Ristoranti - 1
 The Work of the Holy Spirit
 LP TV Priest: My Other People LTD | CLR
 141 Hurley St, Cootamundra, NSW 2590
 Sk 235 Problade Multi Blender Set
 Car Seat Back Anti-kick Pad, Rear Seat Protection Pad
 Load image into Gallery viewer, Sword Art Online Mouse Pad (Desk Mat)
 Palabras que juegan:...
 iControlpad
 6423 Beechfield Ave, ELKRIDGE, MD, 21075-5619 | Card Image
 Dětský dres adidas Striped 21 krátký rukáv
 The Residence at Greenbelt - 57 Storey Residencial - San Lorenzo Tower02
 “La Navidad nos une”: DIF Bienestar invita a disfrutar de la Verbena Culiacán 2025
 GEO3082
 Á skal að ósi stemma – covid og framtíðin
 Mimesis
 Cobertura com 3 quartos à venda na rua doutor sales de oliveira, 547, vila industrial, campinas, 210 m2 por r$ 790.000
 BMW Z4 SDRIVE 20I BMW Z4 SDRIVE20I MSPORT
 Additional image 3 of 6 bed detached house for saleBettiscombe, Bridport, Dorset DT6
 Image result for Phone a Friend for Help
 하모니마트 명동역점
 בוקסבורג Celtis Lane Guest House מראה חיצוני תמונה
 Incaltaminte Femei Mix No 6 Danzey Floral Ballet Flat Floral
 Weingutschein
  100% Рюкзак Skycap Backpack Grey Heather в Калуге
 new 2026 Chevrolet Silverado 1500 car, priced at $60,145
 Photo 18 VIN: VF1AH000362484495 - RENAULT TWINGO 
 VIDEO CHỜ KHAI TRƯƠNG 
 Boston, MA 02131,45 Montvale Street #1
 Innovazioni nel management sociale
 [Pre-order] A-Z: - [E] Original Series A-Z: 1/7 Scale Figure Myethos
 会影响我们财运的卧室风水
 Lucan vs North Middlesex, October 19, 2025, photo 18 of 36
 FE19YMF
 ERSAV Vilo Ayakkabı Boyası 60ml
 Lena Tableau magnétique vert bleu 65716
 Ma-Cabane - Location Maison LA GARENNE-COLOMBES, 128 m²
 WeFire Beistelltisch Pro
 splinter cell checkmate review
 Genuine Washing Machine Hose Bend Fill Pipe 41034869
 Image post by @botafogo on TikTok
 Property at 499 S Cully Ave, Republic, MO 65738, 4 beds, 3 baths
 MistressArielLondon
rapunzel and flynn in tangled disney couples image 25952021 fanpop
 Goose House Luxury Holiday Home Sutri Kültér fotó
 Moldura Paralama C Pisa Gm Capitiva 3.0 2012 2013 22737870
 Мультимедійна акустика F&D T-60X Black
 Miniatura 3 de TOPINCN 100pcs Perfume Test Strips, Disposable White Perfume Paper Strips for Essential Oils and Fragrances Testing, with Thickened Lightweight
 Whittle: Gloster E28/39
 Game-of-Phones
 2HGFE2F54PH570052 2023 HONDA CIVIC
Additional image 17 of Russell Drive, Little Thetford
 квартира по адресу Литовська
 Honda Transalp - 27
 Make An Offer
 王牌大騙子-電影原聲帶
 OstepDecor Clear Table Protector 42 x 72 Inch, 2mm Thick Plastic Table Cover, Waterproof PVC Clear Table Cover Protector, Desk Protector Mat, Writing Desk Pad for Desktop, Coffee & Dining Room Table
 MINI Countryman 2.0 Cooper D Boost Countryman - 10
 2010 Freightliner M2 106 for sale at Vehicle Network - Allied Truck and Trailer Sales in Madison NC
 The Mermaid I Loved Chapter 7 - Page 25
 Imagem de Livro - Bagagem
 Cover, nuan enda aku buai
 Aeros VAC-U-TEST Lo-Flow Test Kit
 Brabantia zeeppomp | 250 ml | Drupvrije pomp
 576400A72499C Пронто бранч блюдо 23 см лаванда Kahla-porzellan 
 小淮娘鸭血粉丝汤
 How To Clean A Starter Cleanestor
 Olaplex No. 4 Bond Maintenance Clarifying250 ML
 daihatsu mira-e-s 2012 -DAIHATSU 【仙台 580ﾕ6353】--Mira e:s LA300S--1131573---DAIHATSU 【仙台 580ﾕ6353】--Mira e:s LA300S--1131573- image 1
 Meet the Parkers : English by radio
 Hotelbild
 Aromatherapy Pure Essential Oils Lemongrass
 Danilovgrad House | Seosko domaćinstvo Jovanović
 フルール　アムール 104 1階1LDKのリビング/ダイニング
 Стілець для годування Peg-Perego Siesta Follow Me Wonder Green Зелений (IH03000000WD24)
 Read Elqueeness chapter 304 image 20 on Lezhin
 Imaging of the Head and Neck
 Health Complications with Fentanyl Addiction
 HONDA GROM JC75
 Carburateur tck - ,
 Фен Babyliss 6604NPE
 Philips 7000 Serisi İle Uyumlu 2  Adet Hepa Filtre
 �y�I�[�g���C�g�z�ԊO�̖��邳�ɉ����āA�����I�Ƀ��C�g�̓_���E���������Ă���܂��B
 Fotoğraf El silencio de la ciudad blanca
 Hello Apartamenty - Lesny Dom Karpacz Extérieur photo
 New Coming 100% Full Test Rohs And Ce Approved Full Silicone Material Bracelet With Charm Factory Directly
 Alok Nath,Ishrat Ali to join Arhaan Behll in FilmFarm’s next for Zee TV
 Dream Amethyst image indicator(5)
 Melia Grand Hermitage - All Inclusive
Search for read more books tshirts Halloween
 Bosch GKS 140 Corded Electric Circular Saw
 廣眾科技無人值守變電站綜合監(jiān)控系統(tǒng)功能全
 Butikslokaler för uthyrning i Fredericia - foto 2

○ ○ ○ ○ ○ ○ ○

What you are asked to do: In the answer, include exactly the lines from the line containing "Dream Amethyst image indicator(5)" through the end of the data, and nothing else.

Result:
 Dream Amethyst image indicator(5)
 Melia Grand Hermitage - All Inclusive
Search for read more books tshirts Halloween
 Bosch GKS 140 Corded Electric Circular Saw
 廣眾科技無人值守變電站綜合監(jiān)控系統(tǒng)功能全
 Butikslokaler för uthyrning i Fredericia - foto 2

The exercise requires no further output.